Building Relational Space

If we are to turn around this relational crowding-out, we must start by intentionally allocating more space – time, intellectual openness, emotional capacity – to relationships that might make us uncomfortable. Let me suggest reserving three types of relational space.

1. Interaction space. We must intentionally reserve and protect space for interacting: five minutes for pre-/post- meeting chit-chat, device-free talk-time at a meal, “hanging out.” The term “hanging out” became popular for a reason – it refers to unscheduled, unfilled space for relationship.

2. “Other” space: Allocating space for “others” not like us is like visiting another land. They know things, have insights and offer gifts not available in our comfort zone. “Other” invites innovation, learning and new reality and can chip away at our smugness. It might even enable humility and forgiveness -- a special kind of relational space. How much space are “others,” who might make you uncomfortable – black/white, male/female, conservative/progressive, urban/rural – occupying?
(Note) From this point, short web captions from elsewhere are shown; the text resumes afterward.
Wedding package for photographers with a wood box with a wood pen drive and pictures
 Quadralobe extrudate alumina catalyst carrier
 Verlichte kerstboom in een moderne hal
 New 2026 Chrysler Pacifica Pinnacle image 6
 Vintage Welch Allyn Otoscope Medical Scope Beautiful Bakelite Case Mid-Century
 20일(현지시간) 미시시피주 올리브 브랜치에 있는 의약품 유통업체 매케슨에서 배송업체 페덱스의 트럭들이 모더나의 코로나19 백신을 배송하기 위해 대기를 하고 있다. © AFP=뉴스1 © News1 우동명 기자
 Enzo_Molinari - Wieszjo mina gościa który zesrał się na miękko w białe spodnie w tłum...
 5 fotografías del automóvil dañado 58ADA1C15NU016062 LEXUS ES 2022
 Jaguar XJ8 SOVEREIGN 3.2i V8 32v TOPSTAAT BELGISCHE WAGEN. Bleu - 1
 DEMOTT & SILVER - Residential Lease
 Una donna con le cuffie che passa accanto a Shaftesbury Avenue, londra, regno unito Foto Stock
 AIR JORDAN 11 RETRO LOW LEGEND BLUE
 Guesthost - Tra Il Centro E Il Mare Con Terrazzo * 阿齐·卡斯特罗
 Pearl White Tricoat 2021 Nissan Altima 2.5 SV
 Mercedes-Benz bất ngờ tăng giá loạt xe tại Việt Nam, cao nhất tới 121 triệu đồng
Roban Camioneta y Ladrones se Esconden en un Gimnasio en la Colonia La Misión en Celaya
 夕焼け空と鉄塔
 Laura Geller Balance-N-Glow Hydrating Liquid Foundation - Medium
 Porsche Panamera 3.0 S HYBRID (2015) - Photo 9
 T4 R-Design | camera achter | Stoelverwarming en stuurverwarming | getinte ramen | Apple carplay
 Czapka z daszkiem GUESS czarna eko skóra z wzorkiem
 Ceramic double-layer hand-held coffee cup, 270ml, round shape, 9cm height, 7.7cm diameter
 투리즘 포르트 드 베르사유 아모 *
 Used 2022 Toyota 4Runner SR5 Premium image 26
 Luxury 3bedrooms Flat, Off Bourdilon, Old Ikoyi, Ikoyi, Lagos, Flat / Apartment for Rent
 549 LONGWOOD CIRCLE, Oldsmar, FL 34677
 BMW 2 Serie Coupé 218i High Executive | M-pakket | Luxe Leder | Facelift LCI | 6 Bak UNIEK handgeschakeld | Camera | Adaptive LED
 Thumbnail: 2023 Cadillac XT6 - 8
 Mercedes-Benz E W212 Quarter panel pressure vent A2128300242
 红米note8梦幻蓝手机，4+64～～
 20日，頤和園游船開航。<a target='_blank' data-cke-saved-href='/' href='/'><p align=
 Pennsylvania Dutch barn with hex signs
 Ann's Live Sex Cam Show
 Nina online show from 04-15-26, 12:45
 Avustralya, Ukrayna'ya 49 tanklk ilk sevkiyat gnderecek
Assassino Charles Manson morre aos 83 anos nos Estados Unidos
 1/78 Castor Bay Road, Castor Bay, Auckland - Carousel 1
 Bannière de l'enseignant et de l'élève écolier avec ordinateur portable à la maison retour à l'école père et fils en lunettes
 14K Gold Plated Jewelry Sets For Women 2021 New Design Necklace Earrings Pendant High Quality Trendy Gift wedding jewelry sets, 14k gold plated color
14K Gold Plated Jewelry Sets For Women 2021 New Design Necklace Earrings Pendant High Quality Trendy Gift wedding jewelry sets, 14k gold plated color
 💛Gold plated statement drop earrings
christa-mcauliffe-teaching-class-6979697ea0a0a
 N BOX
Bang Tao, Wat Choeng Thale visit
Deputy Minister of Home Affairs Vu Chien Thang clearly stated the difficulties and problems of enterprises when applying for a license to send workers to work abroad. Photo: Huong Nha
As my wife reminds me, check the pictures and notes in your social media news feed – do they all look just like you?

3. Mystery space: Our love affair with knowing the answer and being right – in politics, faith, belief – leaves little space to discuss ever-present mystery. Mystery is a powerful catalyst for exploration, learning – and inviting relational discourse. Got mystery?

All we are say-ing…is give space a chance – especially uncomfortable space.